There are three main vertical lines to choose from in a Root 4. Since the picture divides into quarters, we have a centerline, and two flanking verticals that we can use to arrange our figures. If we leave too much space in the middle, the figures will not relate to each other, and if we put them too close to each other, they will not read as separate forms. The division in quarters gives a good reference point for balancing figures between the edge and the center of a picture. Usually the center line is reserved for a figure in the distance, so it locks in our eye towards the horizon, without being too strong. The vertical lines here establish both of the boys and the wall on the back left. They are close enough to be connected on the same diagonal. Their connection makes the photo feel like a scene, rather than a snapshot of two random people. There is a small issue with the placement of the boy on the right and the wall, but we will get to that later.
Figure to Ground Relationship
We learned this in the Robert Capa article, but lets do it again. Squint your eyes and look at this picture. Can you see the subjects with the image blurred? Absolutely. There are two boys in a field of gray. When we squint our eyes and look at an image, we should be able to have a sense of the image. If we squint our eyes and the subject disappears into the background, chances are the image is not very good. But here we have a dark main figure on a light ground and a second light figure on a dark ground.
Taking pictures at the beach can be tough. The water and the sand are like huge reflector shields bouncing light every which way. This will cancel out the shadows or even tones that we need for a good picture. Marco did a nice job with this shot, because there is a good tonal range, which allowed for the dark shadow around the main figures head. Without that shadow the main boy would fade into the sky.
When lighting is taught for painters or photographers we are all shown Rembrandt lighting.
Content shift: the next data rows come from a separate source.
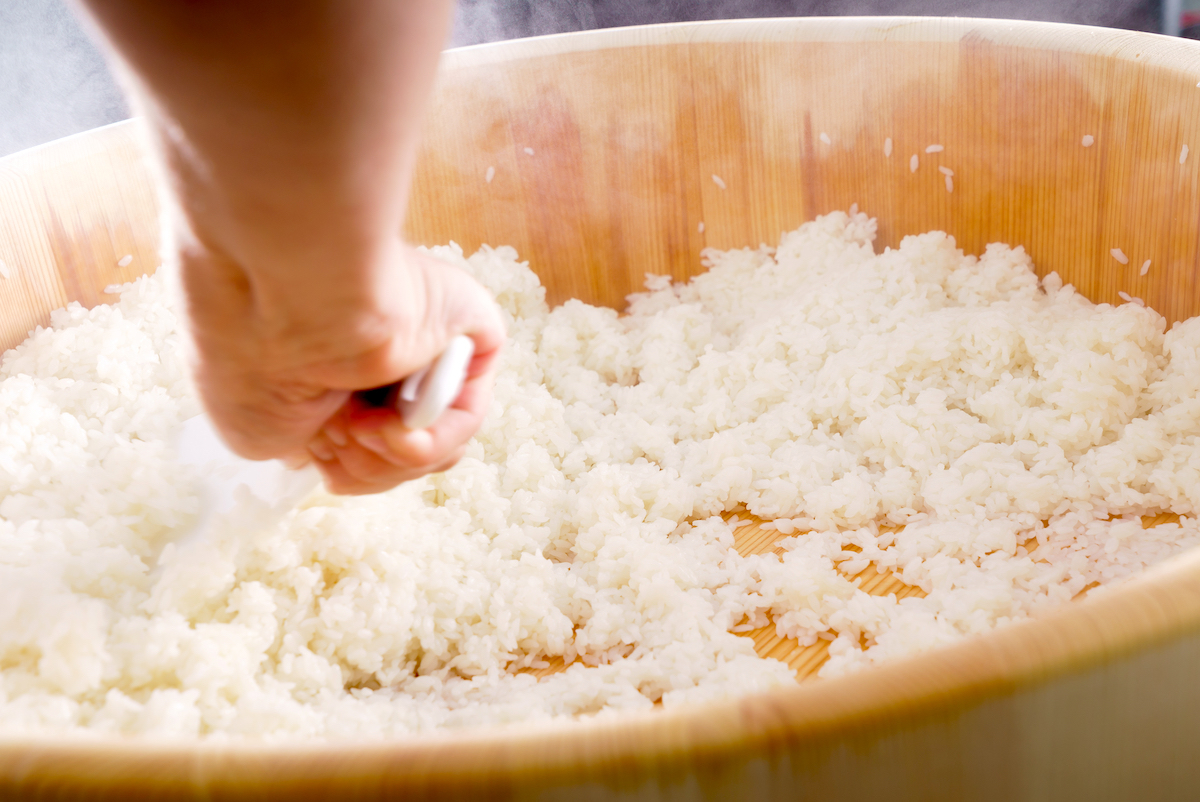 Préparation du riz à sushi ©Shebeko shutterstock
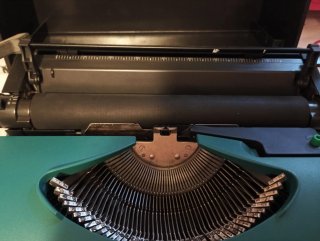 Máquina de escribir Underwood 115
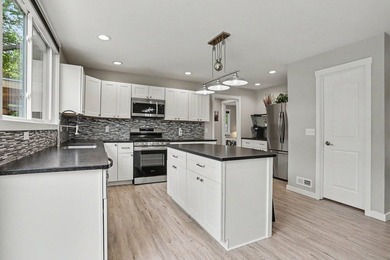 Absolutely pristine contemporary ranch in Belle Brook - photo 11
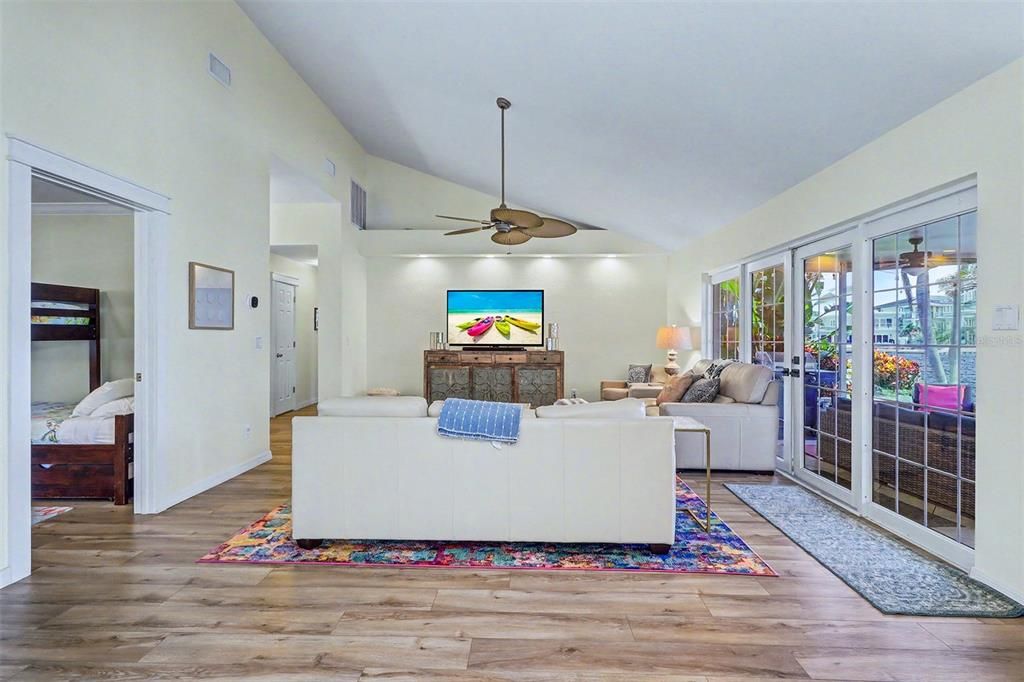 For Sale: $2,999,000 (4 beds, 3 baths, 2783 Square Feet)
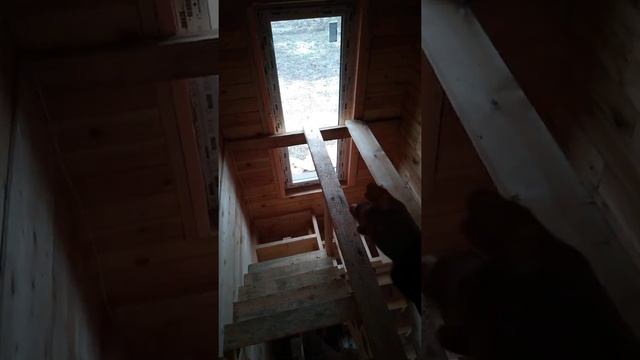 Монтаж потолочного утеплителя в полу мансардном этаже 4 + про пистолет для монт пены. Расшир версия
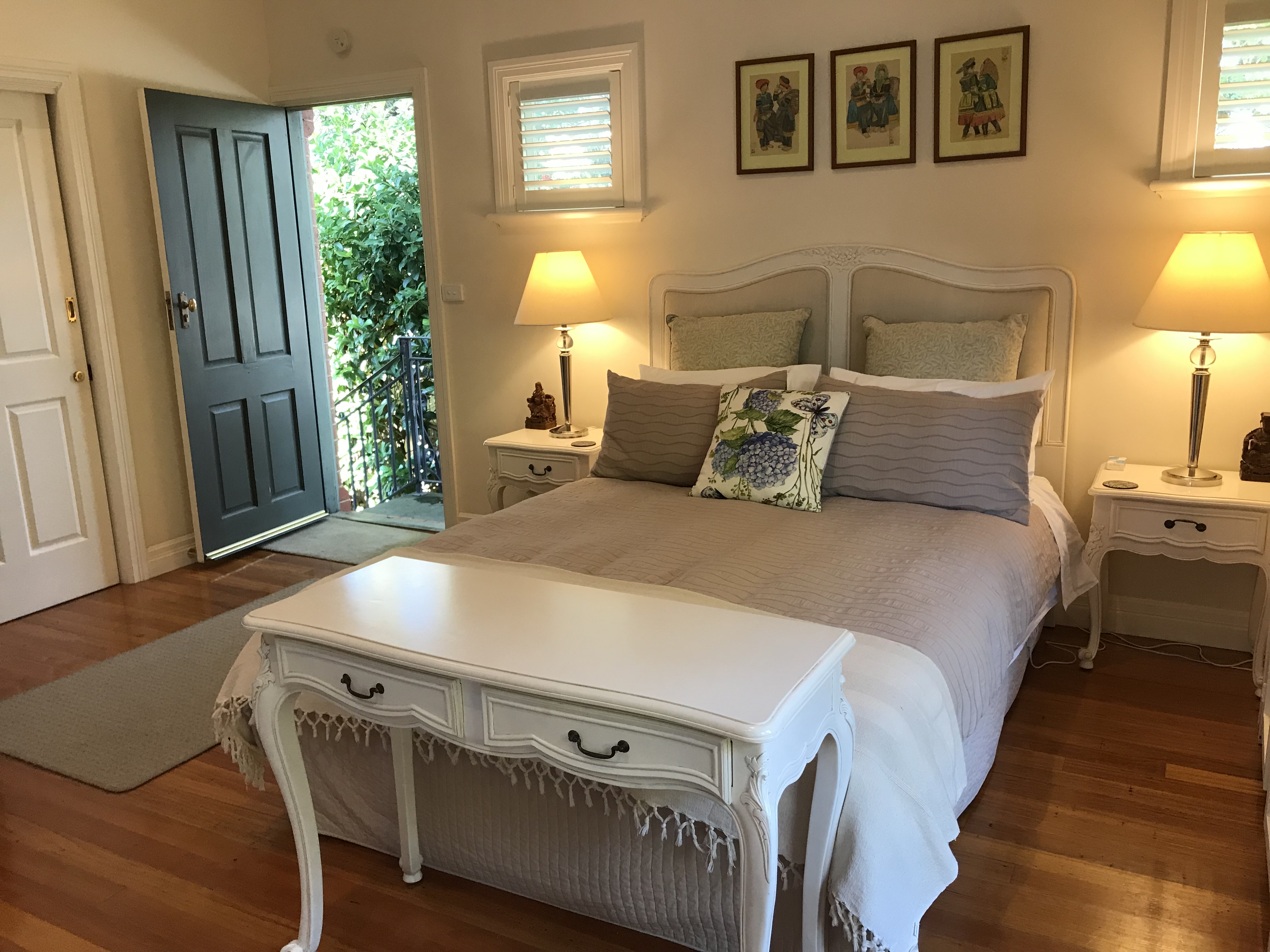 Private Garden Studio near CBD | easy parking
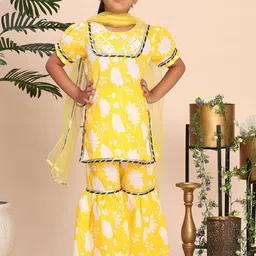 Cutiekins Girls Floral Printed Gotta Patti Straight Kurta With Sharara & Dupatta-image-24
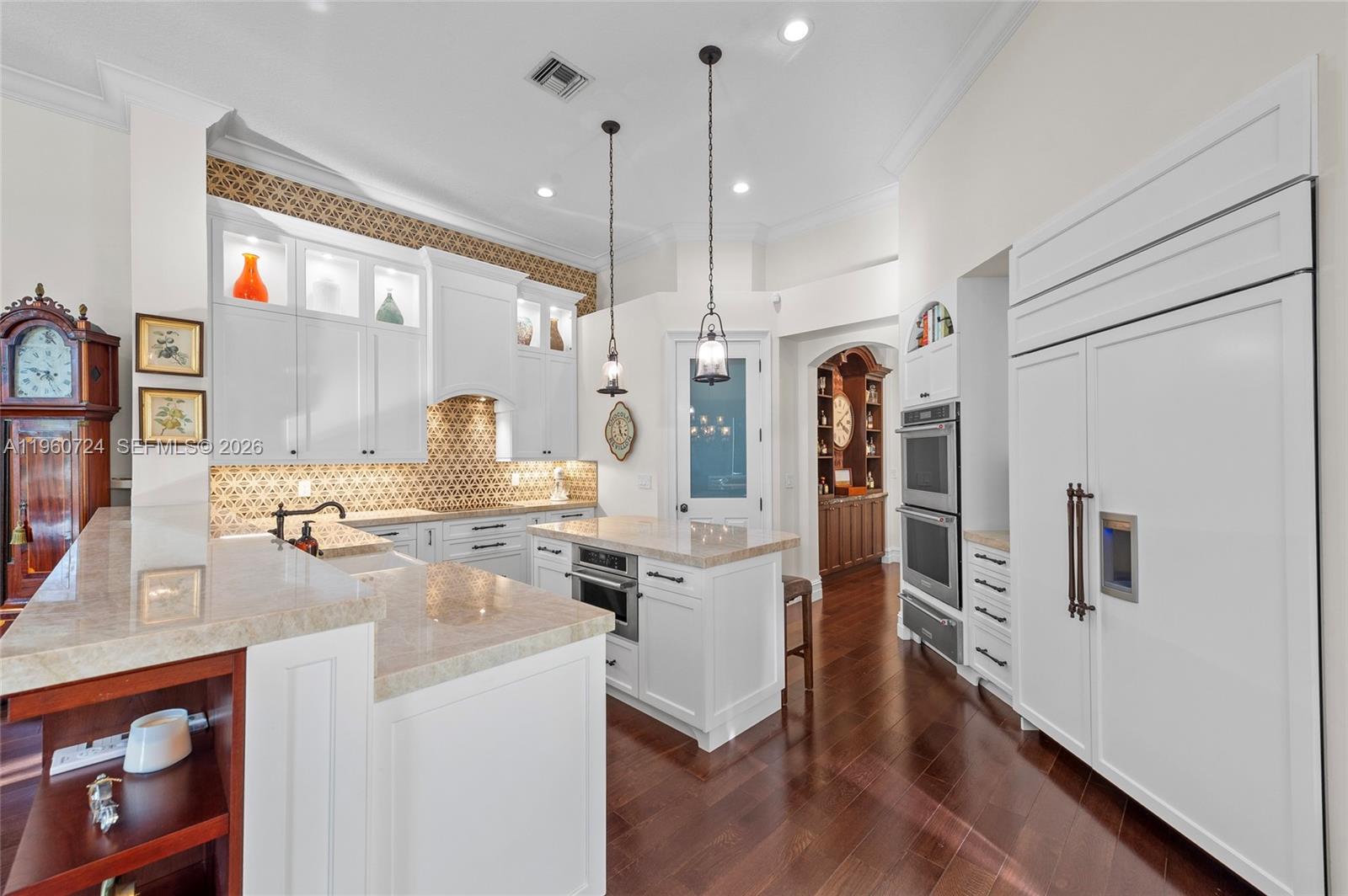 2567 Montclaire Cir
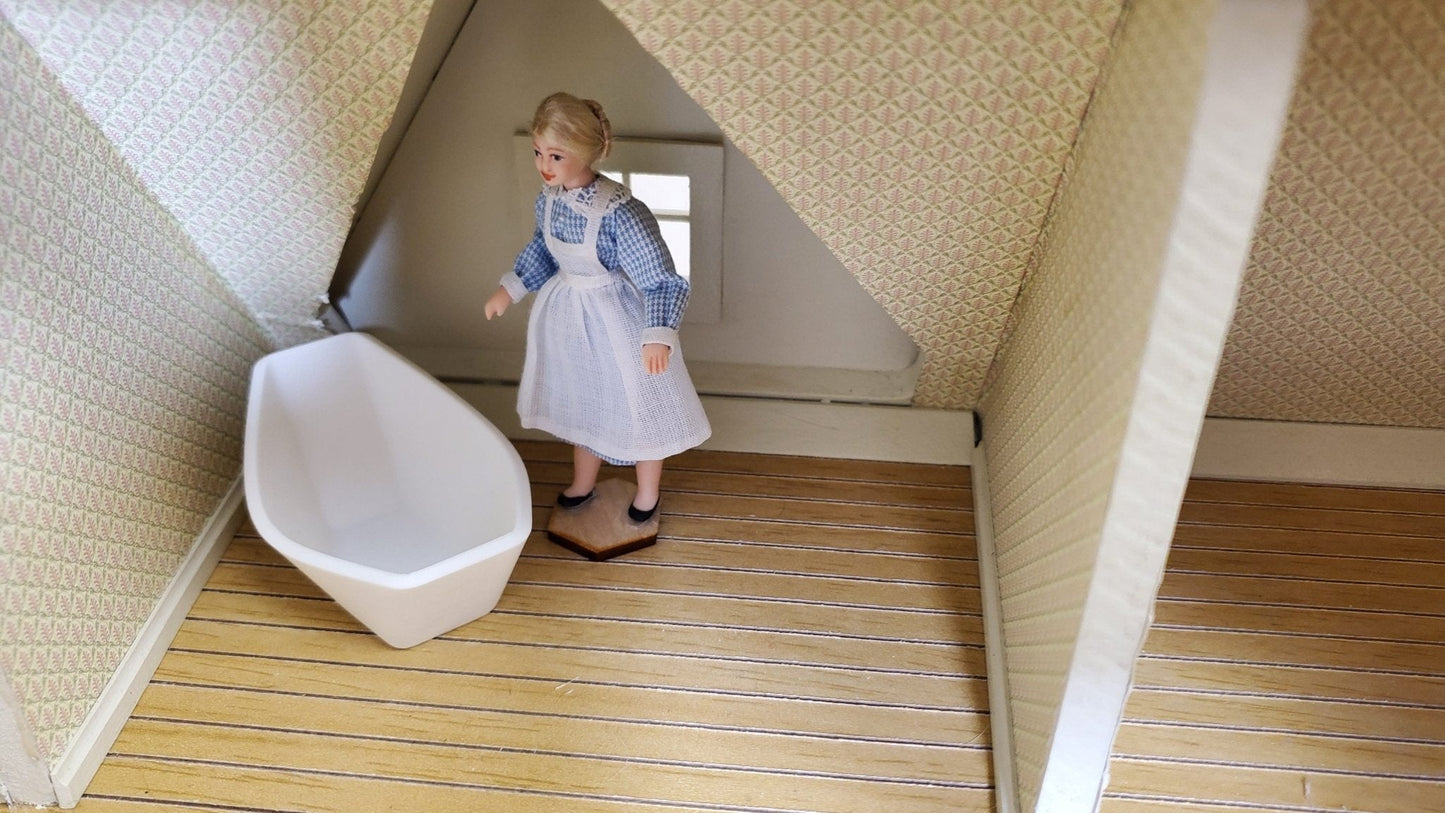 Dollhouse HALF SCALE Bathtub Soaking Tub Modern Style Farmhouse 1:24 Miniature - Miniature Crush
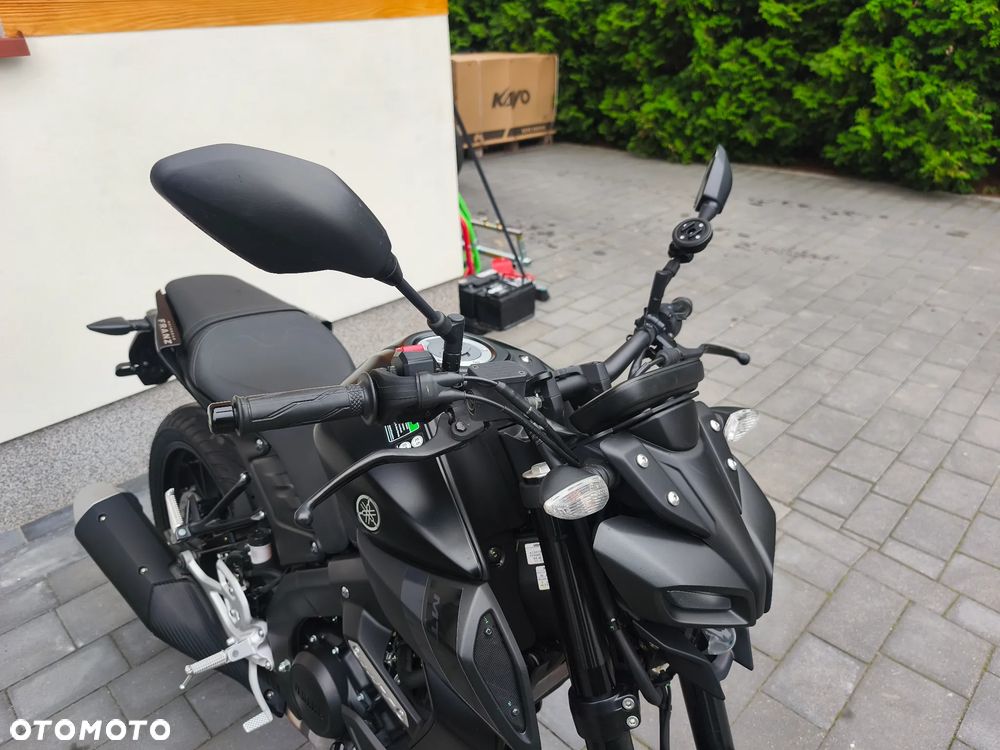 Yamaha MT - 9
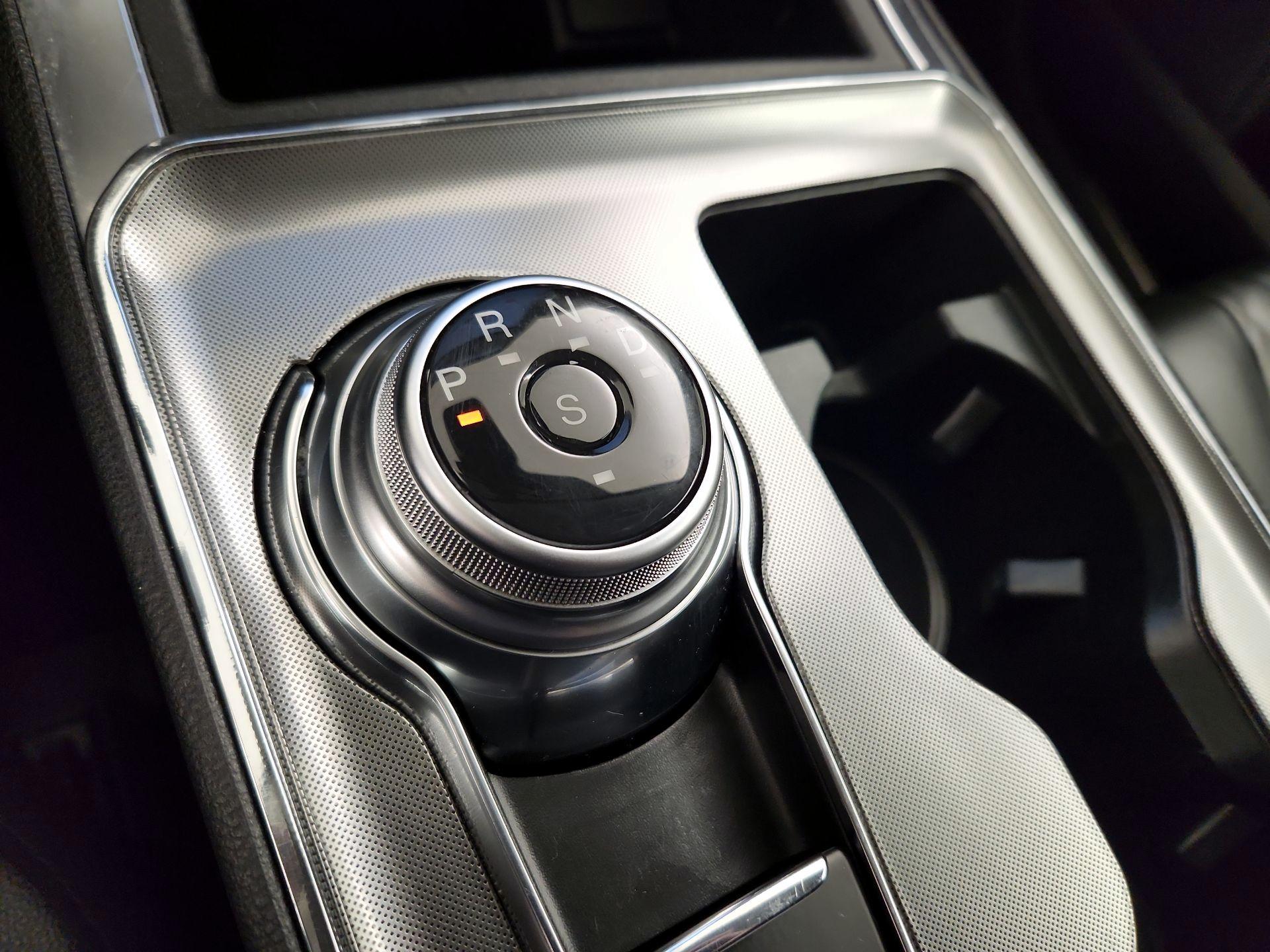 Thumbnail: 2024 Ford Edge - 17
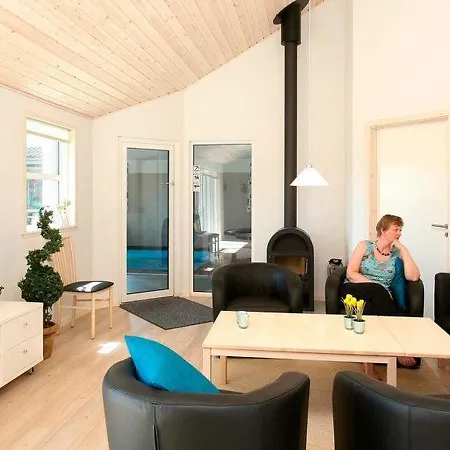 Sleeps 22 Pool Wifi * Nørre Lyngby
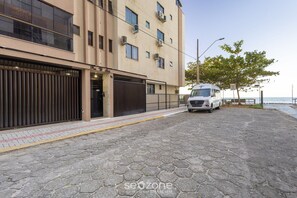 Basic Apartment | Exterior - Beachfront Apartment With Beach View Vte0301 (Itapema)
When we work with a highlight, a shadow and reflected light we are able to emphasize a three dimensional volume on a two dimensional plane. When we do not use three quarter lighting images tend to be flat. If there is a highlight and a shadow, without reflected light we get images that look more like illustrations. Just think of Korda’s famous picture of Che Guevara. As an iconic image its fantastic, because Che looks like a poster. He is two dimensional, there is no depth to his face, but it is utterly recognizable. Two dimensional images can be very strong, but we need to use them sparingly because otherwise our work will start to look like a bunch of rally posters and not scenes captured in the real world.
Old Man, Young Body
How old are you? 20, 40, 80, 100? How often do you feel your age? I rarely feel my age. Most of the time I feel like I am either a 70 year old man or a fifteen year old disaster. Everything in between is just a fleeting moment. The pose of this young boy looks as if he is at least 60. Traveling around Europe especially, old men love to walk around with their hands behind their backs. Tipped slightly forward, they gaze out on the world, quietly observing the changing landscape. It is a distinguished pose, quite unlike any young boy. The contrast between his apparent youth and body language is amazing. I am not sure if this is Marco’s son, nephew, or just some random kid. But whoever he is, I hope he can look at this photo when he is 70 and say, “Wow, I had my age in me the whole time.”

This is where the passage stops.